# Homework Help: Double integral sphere/plane

1. Jul 19, 2011

### usfrbrpl

1. The problem statement, all variables and given/known data
Find the volume under the sphere x^2+y^2+z^2=r^2 and above the plane z=a, where 0<a<r

2. Relevant equations
x^2+y^2+z^2=r^2 is the equation of a sphere with radius r centered at the origin

z=a is the equation of a plane with height a parallel to the xy plane

V = ∫∫z dx dy over the region R

3. The attempt at a solution

I plugged z=a into the equation of the sphere x^2+y^2+z^2=r^2 to find where the two surfaces intersected. I got x^2+y^2=r^2-a^2. I also solved the original sphere equation for z to get z=(r^2-x^2-y^2)^.5, taking the positive root because the volume lies above the z axis.

V=∫∫zdxdy, I plugged in z=(r^2-x^2-y^2)^.5 to get ∫∫((r^2-x^2-y^2)^.5)dxdy

I solved for x in the intersection equation above to get my bounds of integration x=(r^2-a^2-y^2)^.5 and x=-(r^2-a^2-y^2)^.5

I set x=0 in the intersection equation above and solved for y to get my bounds of integration y=(r^2-a^2)^.5 and y=-(r^2-a^2)^.5

I put the above bounds next to their respective integral signs in the volume equation and put it in my calculator. It spit back a nasty looking formula at me, with sin(infinity) as part of the equation, so I think I did something wrong.

2. Jul 19, 2011

### LCKurtz

You want the volume above z = a so your integrand should be zupper- zlower so you need to subtract a from the integrand.
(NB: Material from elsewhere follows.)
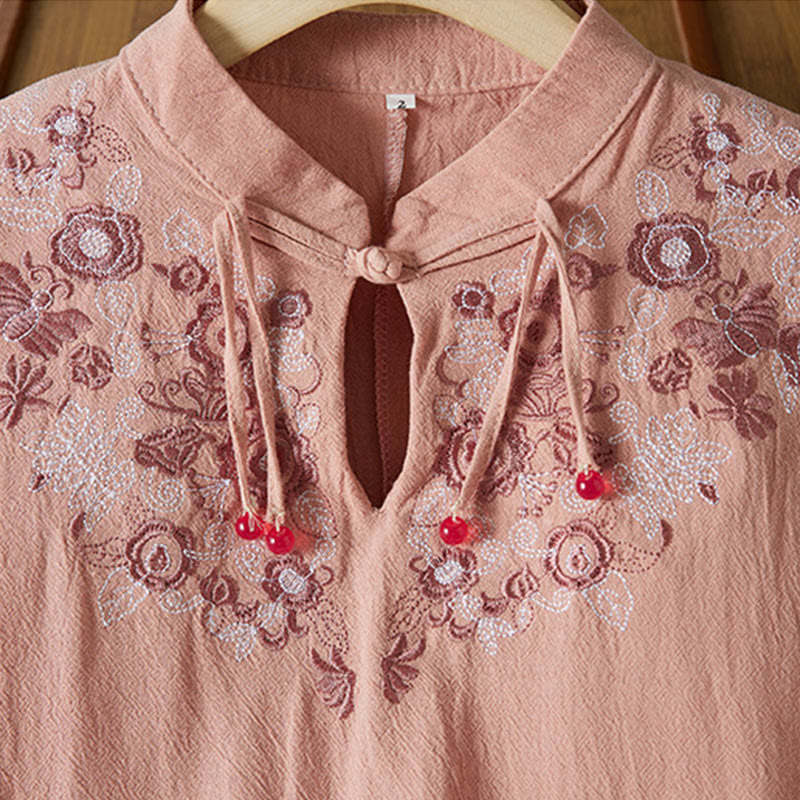 Vintage Embroidery Frog-button Half Sleeve High Waist Cotton Linen Women's Midi Dress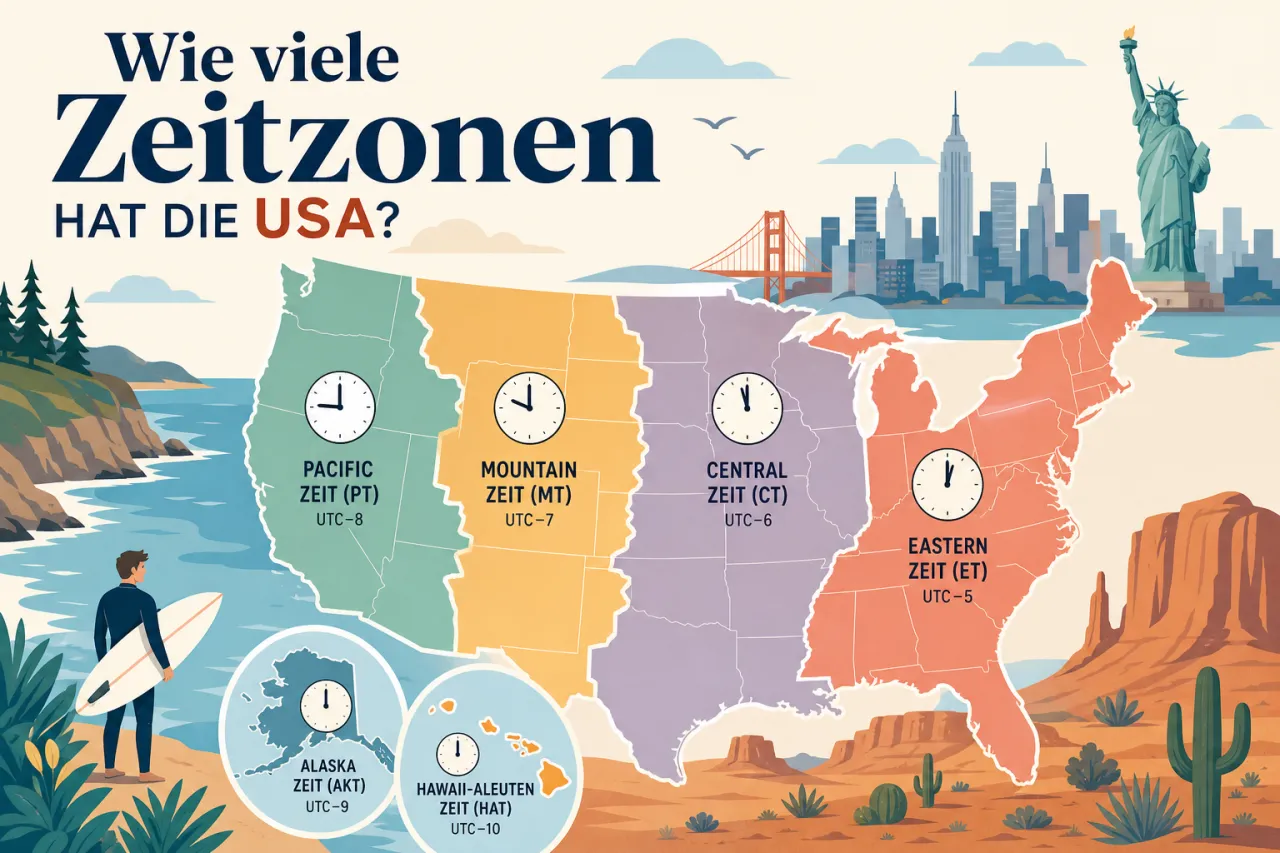 Wie viele Zeitzonen hat die USA?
Next, I would use R instead of r as the radius of the sphere and change your dydx integral to polar coordinates. That way you won't confuse the radius of the sphere with the r in polar coordinates. It will simplify your integral a lot but may not make it that much easier to integrate.

3. Jul 20, 2011

### usfrbrpl

Thanks, I managed to get:

V = ∫∫r((R^2-r^2)^.5-a)drdθ with bounds of (R^2-r^2)^.5 to 0 on the dr and bounds of 2*pi to 0 on the dθ. Simplifying this gives me (2R^3-3a*R^2+a^3)*pi/3. Thanks again for your help!